Ensuring adequate oxygenation by?
- Tight fitting oxygen resorvoir face mask
- Flow rate at least 10L/min
- Nasal catheter, nasal cannula or nonbreather mask can improve inspired oxygen concentration
- Continous pulse oxymetri (95 eller mer tyder för adekvat perifer perfusion)
What indicates the the endotracheal tube is in the proper position?
It is suggested if you hear equal breathing sounds, no borborygmi in epigastrium (talande för intubation av esophagus), Capnography och slutligen Chest X-ray to confirm.
What suggests sufficent ventilation?
- Arterial blood gas
- Continual end-tidal carbon dioxide analysis
Indications for surgical airway ?
- Edema of the glottis
- Fracture of the larynx
- Severe oropharyngeal hemorrhage that obstructs the airway
- Inability to place an orotracheal tube through the vocal cords.

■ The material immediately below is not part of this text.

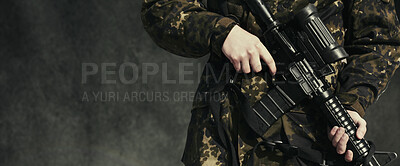 Buy stock photo Soldier, war and holding a gun, closeup and mockup for army, military and camouflage for survival. Warrior, violence and crime by hands, battle and and danger on battlefield, safety and training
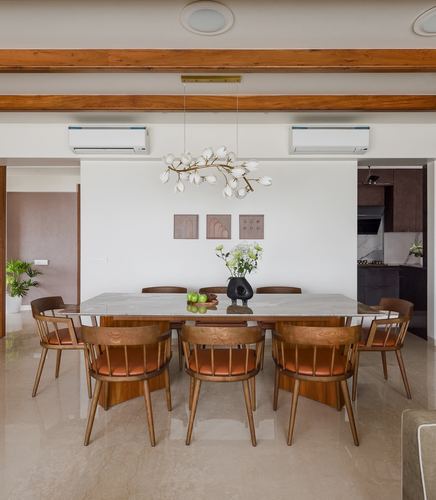 Dining room with marble table, leather-seated wooden chairs, and branch-like pendant light under wood beams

What is the definition of shock?
An abnormality of the circulatory system that results in inadequate organ perfusion and tissue oxygenation.
What are diffrent types of shock?
1.Hypovolemic/hemorrhagic
2. Cardiogenic
3. Obstructiv
4. Neurogenic
5. Septic
How to think in shock?
- Identify shock–> Tachykardia and coldness
- Determine which type of shock it is
- Do something !!!
What is important information to obtain about a automobile collision?
- Seat-belt use
- Steering wheel deformation
- Activation of airbags
- Direction of imapct
- Major deformation or intrusion to the passenger compartment
- Patient position in vehicle
What could cause confusion in a trauma patient?
- SHOCK !!! due to hemorrhage
- Brain injury
- Stroke
- Alcohol and/or drugs.
What is the common cause of shock in trauma patients?
Hemorrhage
What does preload mean and what does hemorrhage do to it?
Volume of venous blood return to the left and right sides of the heart.